Doña Sofía ha cumplido con creces las promesas de fidelidad y lealtad que hizo en el momento de contraer matrimonio con don Juan Carlos. Ahí empezó su calvario. La advirtieron pero no quiso escuchar. Con los años, la reina descubrió una triste realidad sobre su marido que siempre ha querido ocultar. Te lo contamos todo a continuación.

El órdago de Sofía a Letizia

> Quizás doña Sofía tuvo un rapto de premonición el día que pronunció esta frase: “Aunque se muera mi marido y reine mi hijo, y haya una reina nueva, yo ya seré la reina Sofía hasta la muerte”. Sin duda, esta es una de las espinas que lleva clavadas doña Letizia. Y duele, duele mucho. Porque la reina, en su imaginación, había elucubrado que cuando don Felipe subiera al trono, doña Sofía desaparecía de escena.

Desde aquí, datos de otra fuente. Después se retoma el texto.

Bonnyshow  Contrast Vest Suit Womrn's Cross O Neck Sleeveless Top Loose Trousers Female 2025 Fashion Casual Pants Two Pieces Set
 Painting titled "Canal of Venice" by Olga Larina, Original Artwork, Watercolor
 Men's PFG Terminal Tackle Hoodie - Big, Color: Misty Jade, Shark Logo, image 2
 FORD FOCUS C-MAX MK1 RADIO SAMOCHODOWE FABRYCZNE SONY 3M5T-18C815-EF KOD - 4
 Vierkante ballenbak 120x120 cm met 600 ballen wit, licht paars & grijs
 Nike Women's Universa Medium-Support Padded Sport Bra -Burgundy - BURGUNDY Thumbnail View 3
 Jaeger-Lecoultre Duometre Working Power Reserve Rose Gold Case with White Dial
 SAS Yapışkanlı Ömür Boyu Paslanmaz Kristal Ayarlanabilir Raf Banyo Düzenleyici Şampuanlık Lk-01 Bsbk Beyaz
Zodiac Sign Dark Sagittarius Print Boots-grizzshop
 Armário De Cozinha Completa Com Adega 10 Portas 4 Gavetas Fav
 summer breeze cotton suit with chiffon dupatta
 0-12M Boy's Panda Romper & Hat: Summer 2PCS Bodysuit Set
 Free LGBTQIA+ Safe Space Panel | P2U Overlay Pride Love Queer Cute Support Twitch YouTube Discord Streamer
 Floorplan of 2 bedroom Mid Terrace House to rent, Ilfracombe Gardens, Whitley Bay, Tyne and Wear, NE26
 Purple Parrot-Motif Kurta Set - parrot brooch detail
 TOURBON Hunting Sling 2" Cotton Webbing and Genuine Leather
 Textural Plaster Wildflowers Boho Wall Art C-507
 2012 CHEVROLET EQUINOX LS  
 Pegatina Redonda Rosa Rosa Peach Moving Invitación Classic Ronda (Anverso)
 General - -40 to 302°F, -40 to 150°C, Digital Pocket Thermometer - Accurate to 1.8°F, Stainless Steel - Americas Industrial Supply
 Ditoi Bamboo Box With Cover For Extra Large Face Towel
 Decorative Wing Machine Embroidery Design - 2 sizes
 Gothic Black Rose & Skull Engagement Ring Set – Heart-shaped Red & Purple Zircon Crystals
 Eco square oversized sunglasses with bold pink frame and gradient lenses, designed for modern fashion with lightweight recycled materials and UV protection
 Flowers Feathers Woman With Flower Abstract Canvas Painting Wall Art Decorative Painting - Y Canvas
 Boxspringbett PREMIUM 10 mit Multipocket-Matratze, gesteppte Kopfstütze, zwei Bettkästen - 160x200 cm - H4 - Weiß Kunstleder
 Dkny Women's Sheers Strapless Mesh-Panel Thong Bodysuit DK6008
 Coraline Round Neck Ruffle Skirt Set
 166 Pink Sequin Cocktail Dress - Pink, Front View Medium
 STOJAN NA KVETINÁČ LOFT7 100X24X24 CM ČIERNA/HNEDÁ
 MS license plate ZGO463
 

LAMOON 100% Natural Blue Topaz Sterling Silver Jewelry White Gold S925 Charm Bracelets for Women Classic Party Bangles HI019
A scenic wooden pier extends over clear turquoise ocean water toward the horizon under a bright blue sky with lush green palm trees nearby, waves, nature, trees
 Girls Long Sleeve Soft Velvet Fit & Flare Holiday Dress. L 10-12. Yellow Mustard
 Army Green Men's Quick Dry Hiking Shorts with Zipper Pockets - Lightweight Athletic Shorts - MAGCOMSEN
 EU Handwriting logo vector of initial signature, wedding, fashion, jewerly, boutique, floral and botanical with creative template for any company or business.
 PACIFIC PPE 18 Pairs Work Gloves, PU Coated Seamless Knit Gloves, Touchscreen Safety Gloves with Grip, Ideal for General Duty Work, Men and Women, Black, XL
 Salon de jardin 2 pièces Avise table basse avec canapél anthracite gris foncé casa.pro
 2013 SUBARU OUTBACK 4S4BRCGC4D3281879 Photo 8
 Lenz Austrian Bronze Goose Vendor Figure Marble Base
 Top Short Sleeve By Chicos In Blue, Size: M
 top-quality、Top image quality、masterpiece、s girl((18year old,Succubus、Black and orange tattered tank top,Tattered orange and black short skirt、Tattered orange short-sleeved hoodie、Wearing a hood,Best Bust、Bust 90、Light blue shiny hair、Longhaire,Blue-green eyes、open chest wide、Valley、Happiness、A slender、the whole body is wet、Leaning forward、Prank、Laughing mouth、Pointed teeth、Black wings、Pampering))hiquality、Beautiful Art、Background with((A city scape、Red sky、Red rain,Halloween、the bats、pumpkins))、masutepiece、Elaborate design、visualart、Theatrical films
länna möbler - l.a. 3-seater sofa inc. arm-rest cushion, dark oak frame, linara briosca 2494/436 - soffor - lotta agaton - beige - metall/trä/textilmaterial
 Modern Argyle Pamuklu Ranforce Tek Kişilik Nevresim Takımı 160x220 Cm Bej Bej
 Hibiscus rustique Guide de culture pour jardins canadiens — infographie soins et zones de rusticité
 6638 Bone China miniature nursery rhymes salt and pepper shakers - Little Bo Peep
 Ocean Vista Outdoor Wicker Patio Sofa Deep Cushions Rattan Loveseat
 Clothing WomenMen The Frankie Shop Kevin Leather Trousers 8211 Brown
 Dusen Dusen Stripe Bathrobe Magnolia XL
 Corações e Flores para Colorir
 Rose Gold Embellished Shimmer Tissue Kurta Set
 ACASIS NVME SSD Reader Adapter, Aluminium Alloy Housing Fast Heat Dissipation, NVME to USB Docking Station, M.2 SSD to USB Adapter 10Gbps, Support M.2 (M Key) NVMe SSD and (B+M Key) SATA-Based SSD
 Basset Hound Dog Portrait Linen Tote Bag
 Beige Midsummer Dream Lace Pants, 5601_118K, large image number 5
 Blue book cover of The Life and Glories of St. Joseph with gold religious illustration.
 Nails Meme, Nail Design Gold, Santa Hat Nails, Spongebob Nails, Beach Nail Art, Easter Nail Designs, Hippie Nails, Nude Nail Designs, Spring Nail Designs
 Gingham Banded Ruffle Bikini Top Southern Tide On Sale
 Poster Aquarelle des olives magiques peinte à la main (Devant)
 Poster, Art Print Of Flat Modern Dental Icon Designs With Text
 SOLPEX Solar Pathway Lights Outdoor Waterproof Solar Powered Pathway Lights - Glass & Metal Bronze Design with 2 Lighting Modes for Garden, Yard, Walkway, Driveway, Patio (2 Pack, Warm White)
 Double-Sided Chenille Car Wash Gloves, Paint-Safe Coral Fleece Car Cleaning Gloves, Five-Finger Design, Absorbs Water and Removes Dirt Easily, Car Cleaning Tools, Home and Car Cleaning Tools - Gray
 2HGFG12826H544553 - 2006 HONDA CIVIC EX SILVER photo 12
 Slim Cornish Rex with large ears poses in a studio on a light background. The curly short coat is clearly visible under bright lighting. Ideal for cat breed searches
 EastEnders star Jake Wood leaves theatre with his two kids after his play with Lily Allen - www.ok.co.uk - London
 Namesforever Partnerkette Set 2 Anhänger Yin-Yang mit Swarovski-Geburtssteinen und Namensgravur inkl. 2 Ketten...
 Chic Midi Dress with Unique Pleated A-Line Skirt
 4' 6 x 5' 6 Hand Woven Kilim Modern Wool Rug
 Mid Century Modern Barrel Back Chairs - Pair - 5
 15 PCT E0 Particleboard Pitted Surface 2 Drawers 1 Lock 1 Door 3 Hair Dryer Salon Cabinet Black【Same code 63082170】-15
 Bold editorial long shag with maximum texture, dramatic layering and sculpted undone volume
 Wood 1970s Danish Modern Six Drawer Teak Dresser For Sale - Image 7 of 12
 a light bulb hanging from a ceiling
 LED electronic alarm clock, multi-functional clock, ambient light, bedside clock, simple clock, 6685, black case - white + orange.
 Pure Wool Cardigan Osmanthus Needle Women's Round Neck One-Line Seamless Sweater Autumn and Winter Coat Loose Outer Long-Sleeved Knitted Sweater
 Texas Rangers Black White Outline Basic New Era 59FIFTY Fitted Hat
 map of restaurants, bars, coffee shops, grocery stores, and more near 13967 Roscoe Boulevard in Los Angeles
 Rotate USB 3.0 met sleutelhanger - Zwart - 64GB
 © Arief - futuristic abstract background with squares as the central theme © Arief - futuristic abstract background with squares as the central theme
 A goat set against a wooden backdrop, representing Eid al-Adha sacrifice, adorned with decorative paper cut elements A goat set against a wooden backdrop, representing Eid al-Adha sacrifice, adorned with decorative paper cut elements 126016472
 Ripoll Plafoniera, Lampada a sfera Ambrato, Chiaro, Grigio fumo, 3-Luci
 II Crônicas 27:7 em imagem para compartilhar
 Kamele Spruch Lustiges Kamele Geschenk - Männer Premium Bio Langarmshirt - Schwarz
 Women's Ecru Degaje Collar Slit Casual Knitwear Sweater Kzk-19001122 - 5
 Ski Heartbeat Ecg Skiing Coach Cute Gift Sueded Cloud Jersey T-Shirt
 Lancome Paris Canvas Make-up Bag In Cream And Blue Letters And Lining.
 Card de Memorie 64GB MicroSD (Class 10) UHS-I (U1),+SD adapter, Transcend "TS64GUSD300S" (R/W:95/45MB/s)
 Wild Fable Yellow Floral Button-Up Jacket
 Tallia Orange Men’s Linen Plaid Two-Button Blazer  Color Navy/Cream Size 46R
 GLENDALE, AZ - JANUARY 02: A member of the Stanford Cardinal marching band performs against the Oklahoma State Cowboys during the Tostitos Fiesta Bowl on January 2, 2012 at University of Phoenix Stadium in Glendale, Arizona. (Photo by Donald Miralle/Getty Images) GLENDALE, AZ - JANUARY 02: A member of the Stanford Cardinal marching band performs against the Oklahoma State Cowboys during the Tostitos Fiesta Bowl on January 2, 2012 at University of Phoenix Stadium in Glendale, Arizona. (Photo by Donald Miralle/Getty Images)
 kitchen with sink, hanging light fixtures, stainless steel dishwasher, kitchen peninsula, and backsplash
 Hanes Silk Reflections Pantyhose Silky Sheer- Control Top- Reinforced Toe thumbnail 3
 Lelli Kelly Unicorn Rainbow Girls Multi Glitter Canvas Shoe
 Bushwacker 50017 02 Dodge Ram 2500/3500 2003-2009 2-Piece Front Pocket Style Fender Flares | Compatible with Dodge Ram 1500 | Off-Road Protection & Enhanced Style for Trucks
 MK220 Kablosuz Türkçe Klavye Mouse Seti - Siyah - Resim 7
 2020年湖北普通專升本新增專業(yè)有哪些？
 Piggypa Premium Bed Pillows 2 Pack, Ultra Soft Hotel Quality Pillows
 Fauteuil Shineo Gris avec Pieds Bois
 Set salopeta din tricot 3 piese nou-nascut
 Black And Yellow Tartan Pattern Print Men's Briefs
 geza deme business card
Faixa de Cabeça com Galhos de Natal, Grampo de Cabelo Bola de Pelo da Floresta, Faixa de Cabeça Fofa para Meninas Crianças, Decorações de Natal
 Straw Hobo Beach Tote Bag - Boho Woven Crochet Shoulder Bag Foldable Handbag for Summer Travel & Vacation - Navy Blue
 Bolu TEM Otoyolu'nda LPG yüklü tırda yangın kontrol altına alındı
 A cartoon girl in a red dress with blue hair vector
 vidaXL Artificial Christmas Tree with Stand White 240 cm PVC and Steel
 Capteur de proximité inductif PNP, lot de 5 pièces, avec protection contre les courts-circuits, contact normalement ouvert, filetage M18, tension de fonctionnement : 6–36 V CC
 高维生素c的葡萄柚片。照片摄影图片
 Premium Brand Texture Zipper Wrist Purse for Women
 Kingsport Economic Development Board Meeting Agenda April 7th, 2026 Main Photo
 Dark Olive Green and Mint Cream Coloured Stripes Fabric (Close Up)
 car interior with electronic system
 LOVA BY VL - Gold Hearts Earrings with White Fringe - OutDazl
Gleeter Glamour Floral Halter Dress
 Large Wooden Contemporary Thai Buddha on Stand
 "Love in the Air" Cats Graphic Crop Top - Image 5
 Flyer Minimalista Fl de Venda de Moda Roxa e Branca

El mutis por el foro de doña Sofía es imposible. Don Felipe la necesita más que nunca ya que es el miembro de la familia real mejor valorado y más querido. Su buen hacer ha calado hondo en la sociedad española. Consigue empatizar y ha dado lo mejor de sí misma haciendo lo que más le gusta, ayudar a los demás. Mientras que ha intentado ir más allá en su tarea, doña Letizia sigue atrapada en el espejo de la fashion y beauty victim. Una superficialidad que no gusta.